> **What to produce**
Using the data that follows, output only the lines from the line with "2323 Riverside Dr" up to and including the line with "Renault Scenic I", exactly, leaving pictures aside.

*** Opening Data listing ***

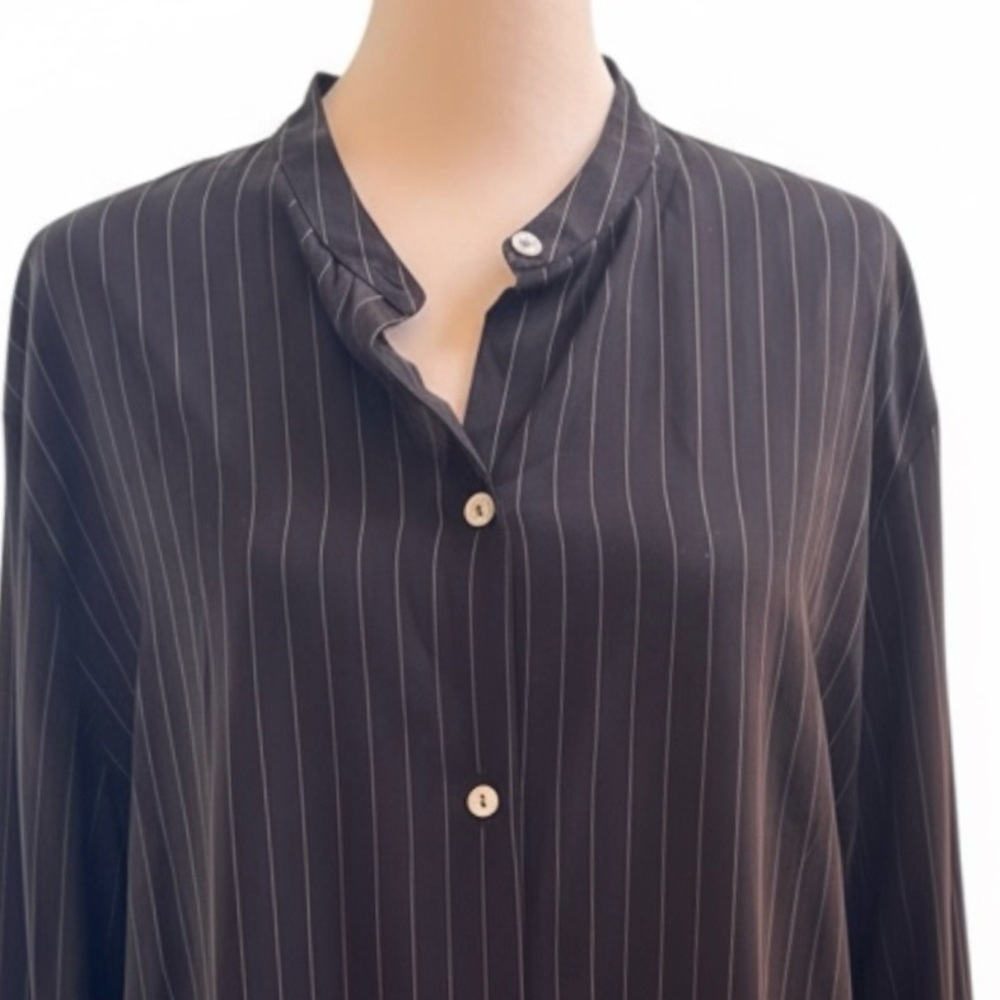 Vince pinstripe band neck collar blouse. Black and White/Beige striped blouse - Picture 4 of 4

*** Closing Data listing ***
*** Opening Data listing ***

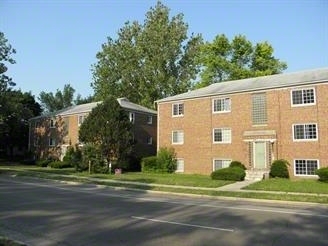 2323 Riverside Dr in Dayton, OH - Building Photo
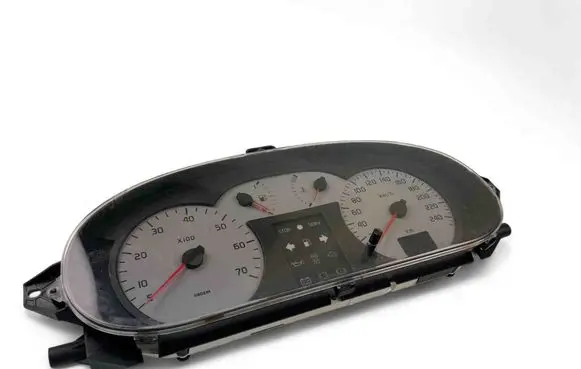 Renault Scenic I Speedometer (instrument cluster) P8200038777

*** Closing Data listing ***
*** Opening Data listing ***

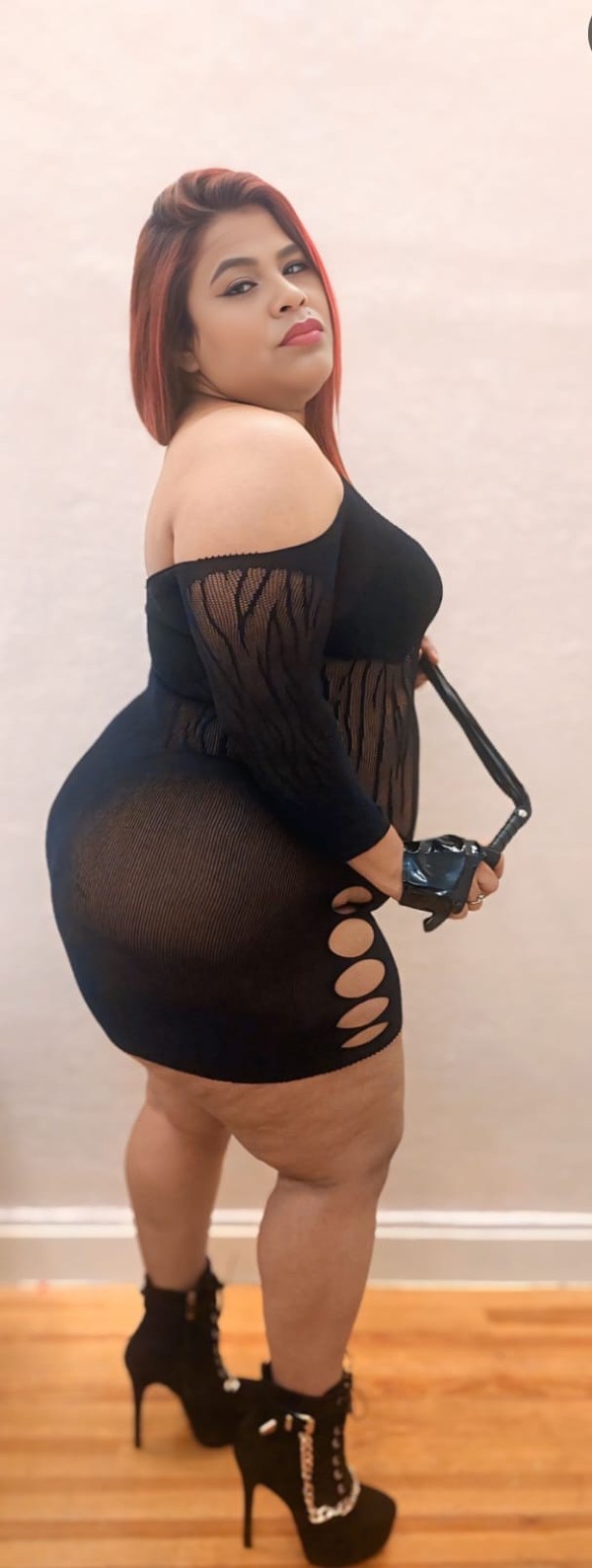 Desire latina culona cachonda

*** Closing Data listing ***

> **Answer space**
 2323 Riverside Dr in Dayton, OH - Building Photo
 Renault Scenic I Speedometer (instrument cluster) P8200038777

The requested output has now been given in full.